### What is needed
Give back every line of the material below exactly, but no images.

### Exercise data

++++++++++

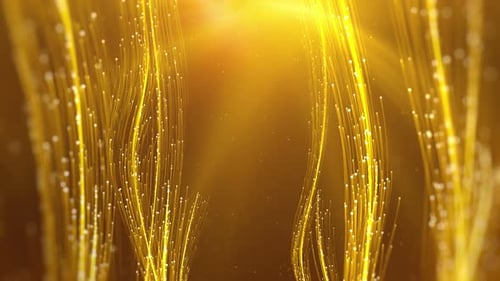 Golden Streaks Tunnel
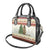 Merry Swissmas Marmot Santa Shoulder Handbag Switzerland Christmas Pattern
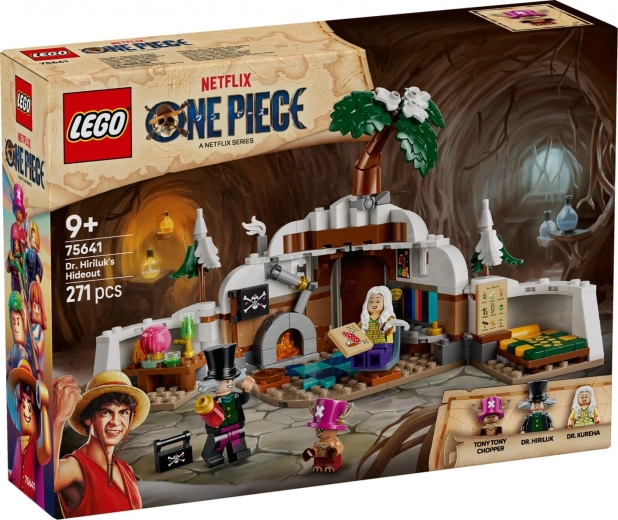 LEGO One Piece kryjůvka doktora Hiluluka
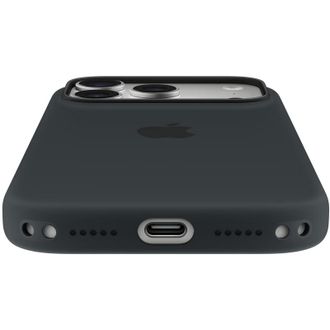 Чехол для смартфона Apple iPhone 17 Pro Silicone Case with MagSafe Black (MGFK4) - фото 5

++++++++++

### Answer below
 Golden Streaks Tunnel
 Merry Swissmas Marmot Santa Shoulder Handbag Switzerland Christmas Pattern
 LEGO One Piece kryjůvka doktora Hiluluka
 Чехол для смартфона Apple iPhone 17 Pro Silicone Case with MagSafe Black (MGFK4) - фото 5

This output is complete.